When working with critical services in Linux, we often need them to automatically recover from failures. The standard systemd approach of using Restart=always
with rate limiting works well for immediate restarts, but presents a gap when we want services to resume automatically after the rate limit window expires.
The standard configuration you've implemented:
[Service]
Restart=always
StartLimitInterval=90
StartLimitBurst=3
correctly limits restarts to 3 attempts within 90 seconds. However, systemd doesn't automatically attempt to restart the service after the interval expires - this is by design but not always the desired behavior.
To achieve persistent automatic restarts even after rate limiting, we need to modify our approach:
[Unit]
StartLimitIntervalSec=90
StartLimitBurst=3
[Service]
Restart=always
RestartSec=10
The key difference is moving the rate limiting parameters to the [Unit] section and adding RestartSec
to control the delay between restart attempts.
For more sophisticated control, consider this enhanced configuration:
[Unit]
Description=My Resilient Service
StartLimitIntervalSec=90
StartLimitBurst=3
[Service]
ExecStart=/usr/bin/my-service
Restart=always
RestartSec=10
# Wait 30 seconds after start before considering it successful
TimeoutStartSec=30
# Allow 10 seconds for normal shutdown
TimeoutStopSec=10
This configuration adds proper timeouts and makes the service more robust against various failure scenarios.
After implementing these changes, verify the behavior:
# Reload systemd configuration
sudo systemctl daemon-reload
# Restart your service
sudo systemctl restart your-service.service
# Monitor the service journal
journalctl -u your-service.service -f
For even more control, you could implement a watchdog timer:
[Unit]
Description=Service with Watchdog
ConditionACPower=true
[Service]
ExecStart=/usr/bin/my-service
Restart=on-failure
WatchdogSec=30
[Install]
WantedBy=multi-user.target
This approach gives you additional monitoring capabilities beyond simple restart logic.

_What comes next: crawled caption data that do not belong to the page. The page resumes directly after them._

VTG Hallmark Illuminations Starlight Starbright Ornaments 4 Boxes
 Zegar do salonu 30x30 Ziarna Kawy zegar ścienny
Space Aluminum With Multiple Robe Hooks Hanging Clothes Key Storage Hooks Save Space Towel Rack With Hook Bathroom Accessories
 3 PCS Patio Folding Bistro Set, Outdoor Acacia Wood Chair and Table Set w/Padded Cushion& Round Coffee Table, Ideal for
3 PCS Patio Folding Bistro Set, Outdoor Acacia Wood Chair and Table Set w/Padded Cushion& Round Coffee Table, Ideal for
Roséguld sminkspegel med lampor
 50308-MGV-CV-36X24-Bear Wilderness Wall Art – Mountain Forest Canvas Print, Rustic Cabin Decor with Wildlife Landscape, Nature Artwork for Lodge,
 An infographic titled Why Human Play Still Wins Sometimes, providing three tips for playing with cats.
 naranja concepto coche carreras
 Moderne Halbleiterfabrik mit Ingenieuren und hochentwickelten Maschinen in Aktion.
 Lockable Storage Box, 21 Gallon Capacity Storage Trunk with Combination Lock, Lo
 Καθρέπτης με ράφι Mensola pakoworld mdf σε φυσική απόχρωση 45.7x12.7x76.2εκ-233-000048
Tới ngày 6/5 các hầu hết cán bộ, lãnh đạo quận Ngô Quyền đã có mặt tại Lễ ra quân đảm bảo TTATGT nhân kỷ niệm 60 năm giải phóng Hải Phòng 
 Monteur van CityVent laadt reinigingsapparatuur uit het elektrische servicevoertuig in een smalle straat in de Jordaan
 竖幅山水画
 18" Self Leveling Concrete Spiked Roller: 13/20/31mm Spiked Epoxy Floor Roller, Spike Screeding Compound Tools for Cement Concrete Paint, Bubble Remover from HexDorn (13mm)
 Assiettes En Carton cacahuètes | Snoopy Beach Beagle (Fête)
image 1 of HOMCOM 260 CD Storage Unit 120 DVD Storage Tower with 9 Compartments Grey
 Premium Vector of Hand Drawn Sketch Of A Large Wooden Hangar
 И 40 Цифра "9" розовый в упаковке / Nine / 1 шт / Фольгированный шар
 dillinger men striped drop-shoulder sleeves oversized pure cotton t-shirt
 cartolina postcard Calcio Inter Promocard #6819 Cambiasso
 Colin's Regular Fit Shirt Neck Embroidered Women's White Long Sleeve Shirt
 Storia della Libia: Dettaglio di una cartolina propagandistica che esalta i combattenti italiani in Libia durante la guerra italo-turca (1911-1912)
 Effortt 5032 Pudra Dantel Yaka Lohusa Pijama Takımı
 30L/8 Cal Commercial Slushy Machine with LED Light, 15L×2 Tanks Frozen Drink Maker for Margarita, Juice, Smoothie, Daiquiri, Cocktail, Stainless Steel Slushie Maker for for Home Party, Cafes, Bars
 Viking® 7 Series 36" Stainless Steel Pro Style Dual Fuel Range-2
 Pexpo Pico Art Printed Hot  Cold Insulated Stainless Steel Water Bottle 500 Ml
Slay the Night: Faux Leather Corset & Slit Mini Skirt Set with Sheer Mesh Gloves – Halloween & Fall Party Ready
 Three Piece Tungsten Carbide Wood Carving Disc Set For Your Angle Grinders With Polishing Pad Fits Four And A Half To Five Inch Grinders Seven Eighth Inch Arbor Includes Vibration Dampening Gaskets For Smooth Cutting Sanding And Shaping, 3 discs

If you encounter problems:
- Check
systemctl status your-service
for current state - Verify
systemctl show your-service | grep StartLimit
shows correct values - Ensure your service properly implements systemd's notification protocol if using advanced features
In production environments, consider:
- Implementing proper logging for restart events
- Setting up monitoring for repeated restart cycles
- Considering higher-level orchestration tools if restart logic becomes too complex
When configuring resilient services with systemd, we often face a tricky situation where the service stops attempting restarts after hitting the StartLimitBurst
threshold. While this prevents runaway restart loops, sometimes we need the service to automatically resume attempts after the cooldown period.
With this configuration:
[Service]
Restart=always
StartLimitInterval=90
StartLimitBurst=3
The service will:
- Restart automatically on failure (good)
- Stop after 3 quick failures (expected)
- Not automatically resume after 90 seconds (problematic)
To achieve true automatic recovery after the rate limit window, we need to combine several directives:
[Service]
Restart=always
RestartSec=5s
StartLimitInterval=90
StartLimitBurst=3
StartLimitAction=none
[Unit]
StartLimitIntervalSec=90
StartLimitBurst=3
The critical addition is StartLimitAction=none
which prevents systemd from taking any action when limits are hit. Combined with proper unit-level configuration, this allows the service to automatically resume attempts after the interval expires.
Here's a complete service file for a Node.js application:
[Unit]
Description=Node API Service
After=network.target
StartLimitIntervalSec=90
StartLimitBurst=3
[Service]
Type=simple
User=nodeuser
WorkingDirectory=/opt/node-app
ExecStart=/usr/bin/node index.js
Restart=always
RestartSec=10s
StartLimitInterval=90
StartLimitBurst=3
StartLimitAction=none
Environment=NODE_ENV=production
[Install]
WantedBy=multi-user.target
To test this configuration:
- Force crash your service 3 times quickly
- Check status with
systemctl status yourservice
- Wait 90+ seconds
- Verify automatic restart attempts with journalctl:
journalctl -u yourservice -f
For more complex scenarios, consider using a watchdog timer:
[Service]
WatchdogSec=30
Restart=on-watchdog
This provides additional monitoring between restart attempts.